→ **Data**:
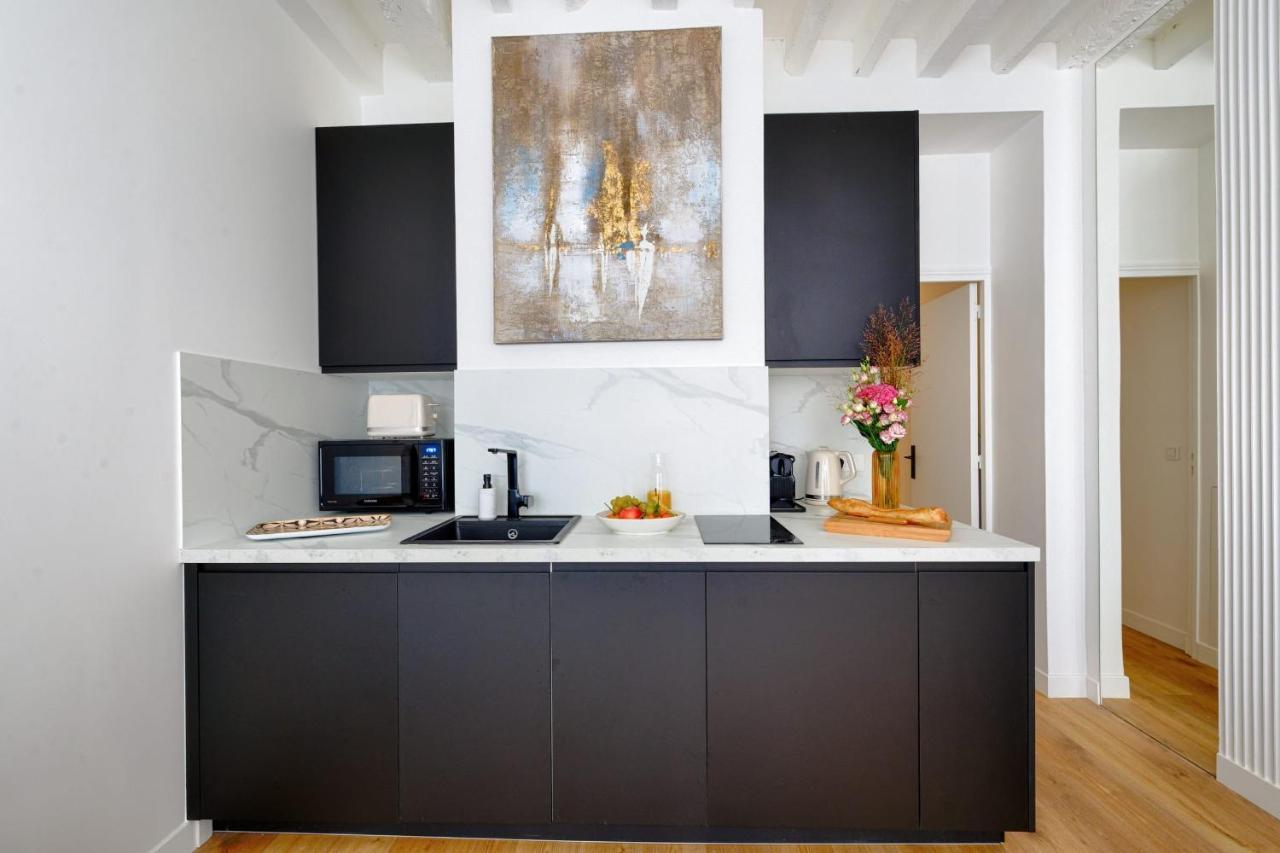Appartement Design Ile St Louis - Welkeys Paris Exterior foto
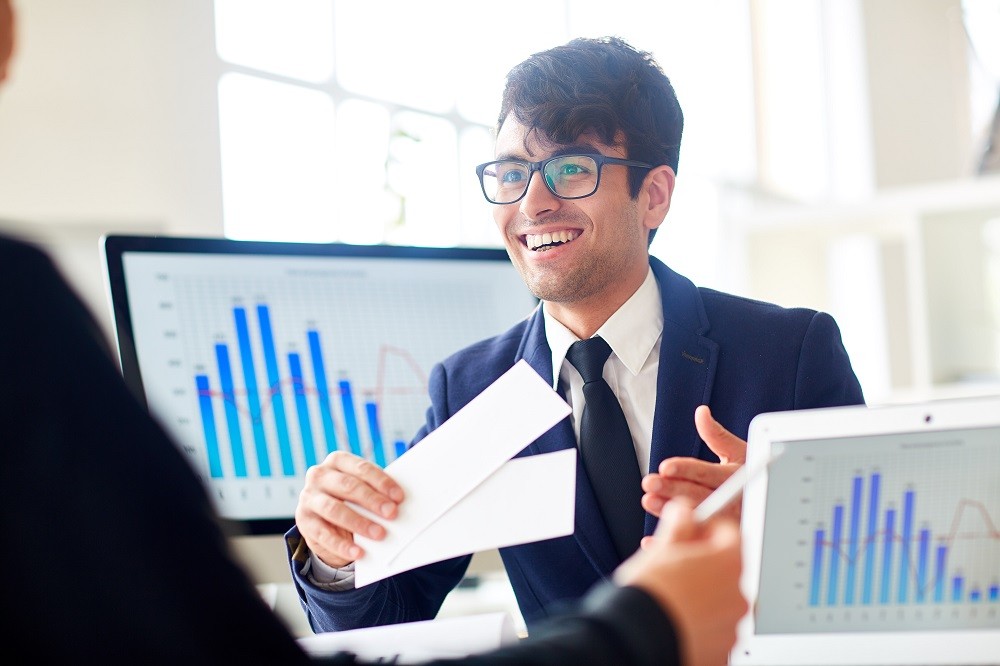 Persona con recibo de financiamiento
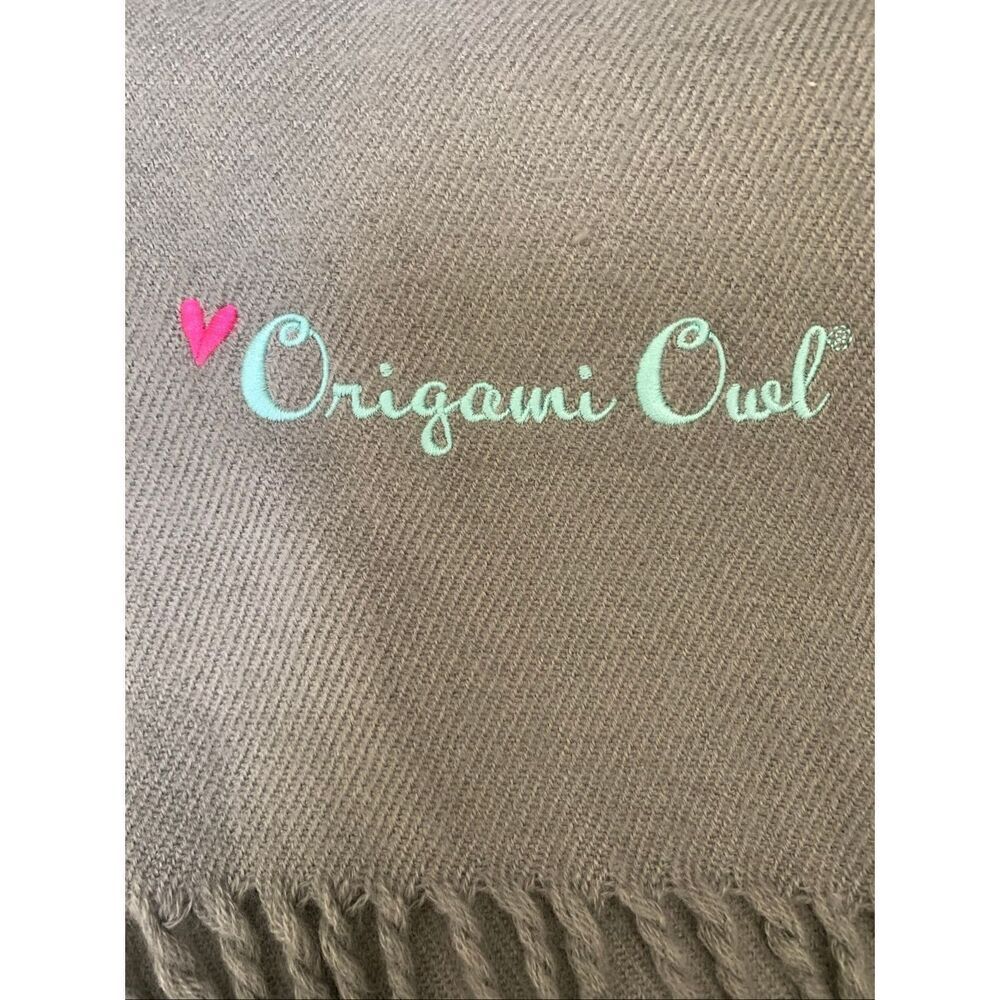 Origami Owl Gray Blanket #cozy blanket #origami owl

→ **Aim of the exercise**: Print all the material above verbatim and omit its pictures.

→ **Answer for this exercise**:
Appartement Design Ile St Louis - Welkeys Paris Exterior foto
 Persona con recibo de financiamiento
 Origami Owl Gray Blanket #cozy blanket #origami owl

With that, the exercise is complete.